= Rainbows (Girl Guides) =

Most junior section of the British guiding movement

Rainbows are the youngest section of Girlguiding in the UK. They are between the ages of 4 and 7. At the age of seven, a Rainbow will usually become a Brownie if she wishes to continue Guiding.

In the UK, Rainbows started in 1987, with Lynsey Hickling being the first in the UK.

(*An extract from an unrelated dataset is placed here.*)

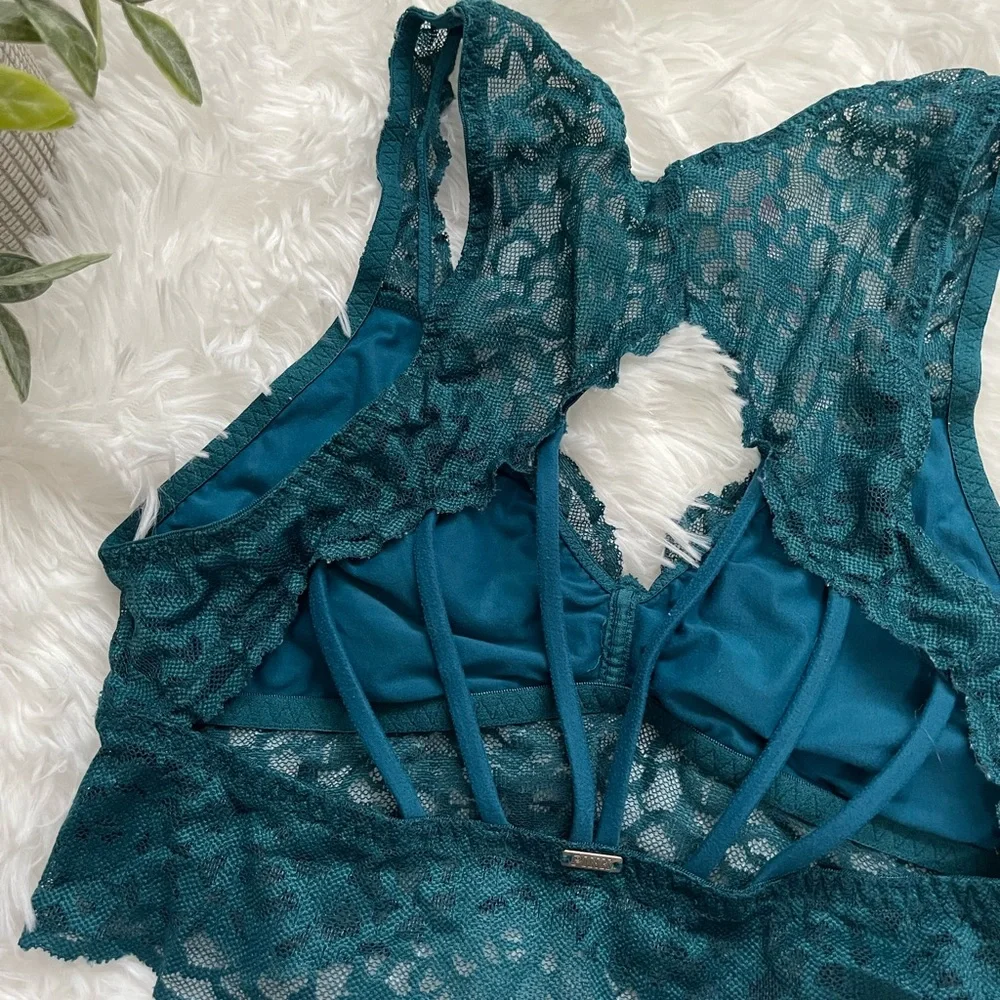 PINK Victoria’s Secret Lace Teal Green Strappy-Back Bralette - Picture 9 of 9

In the United States the equivalent is a Daisy Girl Scout; in Canada the equivalent is a Spark; and in New Zealand they are called Pippins. In Australia, they are called Guides.

== Uniform ==
The current uniform, since 2004, consists of a blue and red polo shirt with the Rainbow logo on it, a red hooded jacket and a choice of either tracksuit bottoms, leggings or cycling shorts, which the girls are encouraged to pick themselves. All items come in the Rainbow colours of light blue and red. There is also an optional baseball hat which matches the other items. Tabards used to be part of the uniform, but were removed from the official uniform in 2015. Colours of tabards were red, orange, yellow, green, blue, and purple, and units were able to choose whichever colour they wanted. Red and purple tabards can still be purchased.

== Promise ==
The Rainbow promise is a shortened version of the Brownie and Girl Guides' promise, adapted to accommodate the Rainbows' young age. The promise is:

I promise that I will do my best, to think about my beliefs and to be kind and helpful.

== Programme ==

The Rainbow programme changed in 2018. It has 6 different themes that run through all sections of Girlguiding. They are: Be Well, Know Myself, Skills for My Future, Have Adventures, Express yourself and Take Action.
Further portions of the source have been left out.